Fictions (Ficciones en espagnol) est un recueil de nouvelles de Jorge Luis Borges paru en 1944.

Tlön Uqbar Orbis Tertius[modifier]

C’est à la conjonction d’un miroir et d’une encyclopédie que je dois la découverte d’Uqbar.
  • Incipit.
  • « Tlön Uqbar Orbis Tertius » (1944), Jorge Luis Borges (trad. Paul Verdevoye), dans Fictions, éd. Gallimard, coll. « Folio », 1994  (ISBN 2-07-036614-6), p. 11


Pour un de ces gnostiques, l’univers visible était une illusion ou (plus précisément) un sophisme.
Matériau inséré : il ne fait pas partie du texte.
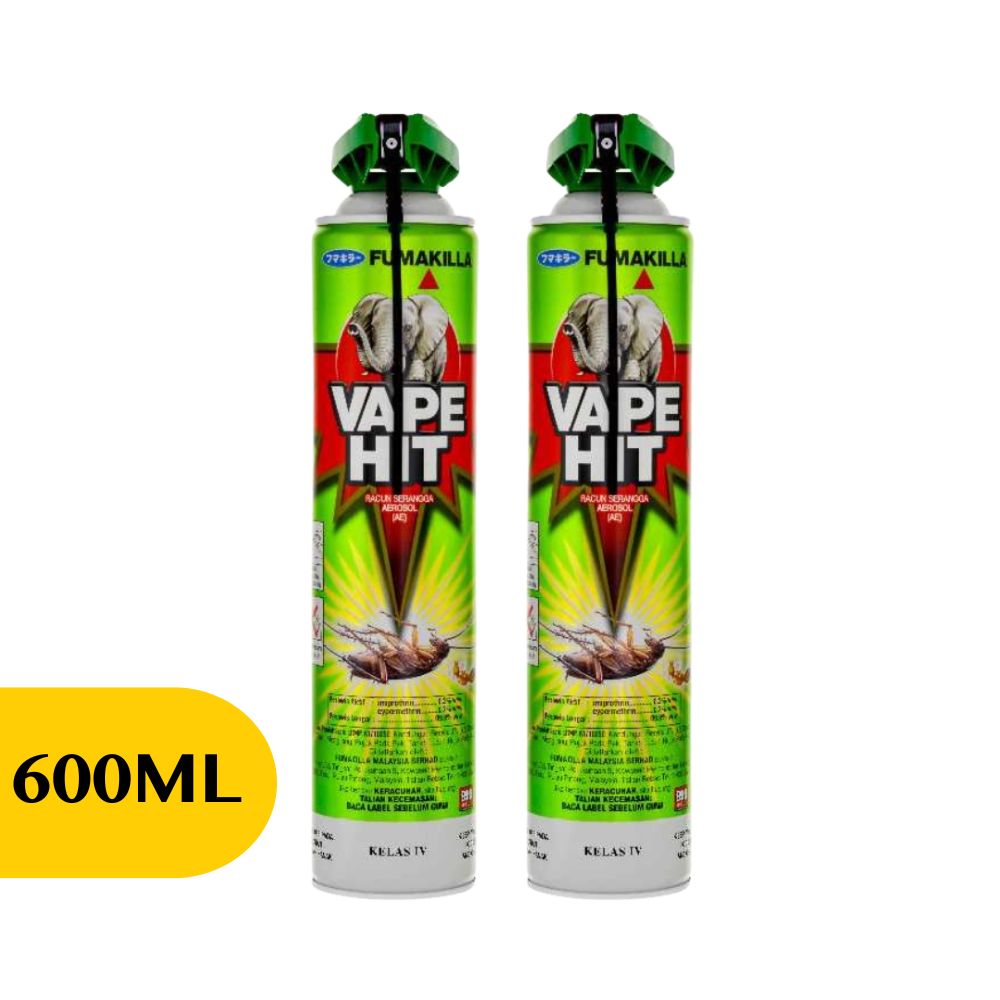 [Bundle of 2] Insecticide Vape Hit 600ml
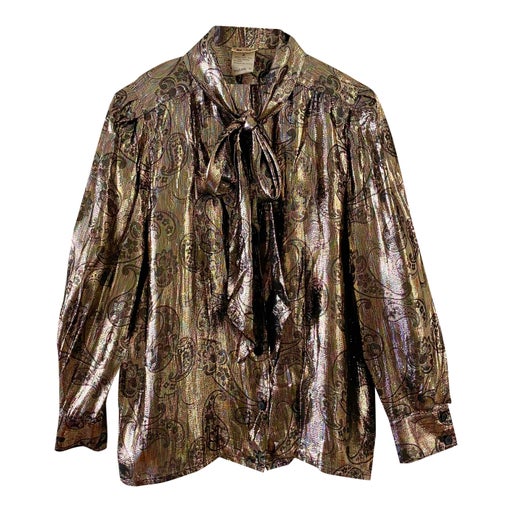 Blouse en lurex Courrèges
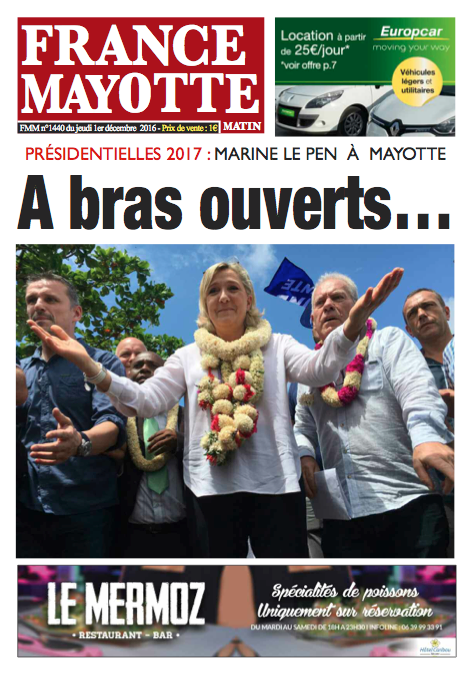 France Mayotte Jeudi 1er décembre 2016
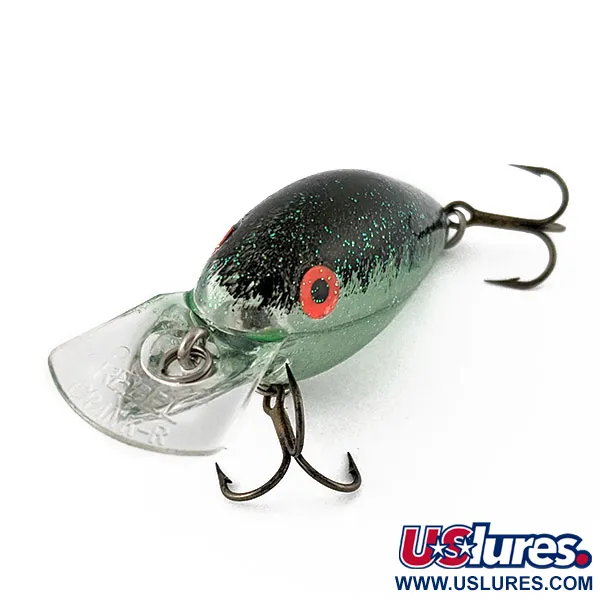 Rebel Crank R, 10g Grön, Crankbait #18294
Les miroirs et la paternité sont abominables (mirrors and fatherhood are abominable) parce qu’ils le multiplient et le divulguent.
  • Extrait de l’article Uqbar dans un volume de l’Anglo-American Cyclopœdia de 1917.
  • « Tlön Uqbar Orbis Tertius » (1944), Jorge Luis Borges (trad. Paul Verdevoye), dans Fictions, éd. Gallimard, coll. « Folio », 1994  (ISBN 2-07-036614-6), p. 12


À l’hôtel d’Adrogué, parmi les chèvrefeuilles débordants et dans le fond illusoire des miroirs, persiste quelque souvenir limité et décroissant d’Herbert Ashe, ingénieur des Chemins de fer du Sud. Sa vie durant, il souffrit d’irréalité, comme tant d’Anglais ; mort, il n’est même plus le fantôme qu’il était déjà alors.
  • « Tlön Uqbar Orbis Tertius » (1944), Jorge Luis Borges (trad. Paul Verdevoye), dans Fictions, éd. Gallimard, coll. « Folio », 1994  (ISBN 2-07-036614-6), p. 15


Au début, on crut que Tlön était un pur chaos, une irresponsable licence de l’imagination ; on sait maintenant que c’est un cosmos, et les lois intimes qui le régissent ont été formulées, du moins provisoirement.
  • « Tlön Uqbar Orbis Tertius » (1944), Jorge Luis Borges (trad. Paul Verdevoye), dans Fictions, éd. Gallimard, coll. « Folio », 1994  (ISBN 2-07-036614-6), p. 17


Les métaphysiciens de Tlön ne cherchent pas la vérité ni même la vraisemblance : ils cherchent l’étonnement. Ils jugent que la métaphysique est une branche de la littérature fantastique. Ils savent qu’un système n’est pas autre chose que la subordination de tous les aspects de l’univers à l’un quelconque d’entre eux.
  • « Tlön Uqbar Orbis Tertius » (1944), Jorge Luis Borges (trad. Paul Verdevoye), dans Fictions, éd. Gallimard, coll. « Folio », 1994  (ISBN 2-07-036614-6), p. 20


Vers 1944, un chercheur du journal The American (de Nashville, Tennessee) exhuma d’une bibliothèque de Memphis les quarante volumes de la Première Encyclopédie de Tlön. […] Le fait est que la presse internationale divulgua à l’infini la « découverte ». Manuels, anthologies, résumés, versions littérales, réimpressions autorisées et réimpressions faites par les écumeurs des lettres de la Grande Œuvre des Hommes inondèrent et continuent a inonder la terre. Presque immédiatement, la réalité céda sur plus d’un point. Certes, elle ne demandait qu’à céder. Il y a dix ans il suffisait de n’importe quelle symétrie ayant l’apparence d’ordre — le matérialisme dialectique, l’antisémitisme, le nazisme — pour ébaubir les hommes. Comment ne pas se soumettre à Tlön, à la minutieuse et vaste évidence d’une planète ordonnée ?
  • « Tlön Uqbar Orbis Tertius » (1944), Jorge Luis Borges (trad. Paul Verdevoye), dans Fictions, éd. Gallimard, coll. « Folio », 1994  (ISBN 2-07-036614-6), p. 29-30


Le contact et la fréquentation de Tlön ont désintégré ce monde. Enchantée par sa rigueur, l’humanité oublie et oublie de nouveau qu’il s'agit d’une rigueur de joueurs d’échecs, non d’anges.
  • « Tlön Uqbar Orbis Tertius » (1944), Jorge Luis Borges (trad. Paul Verdevoye), dans Fictions, éd. Gallimard, coll. « Folio », 1994  (ISBN 2-07-036614-6), p. 30


Pierre Ménard, auteur du Quichotte[modifier]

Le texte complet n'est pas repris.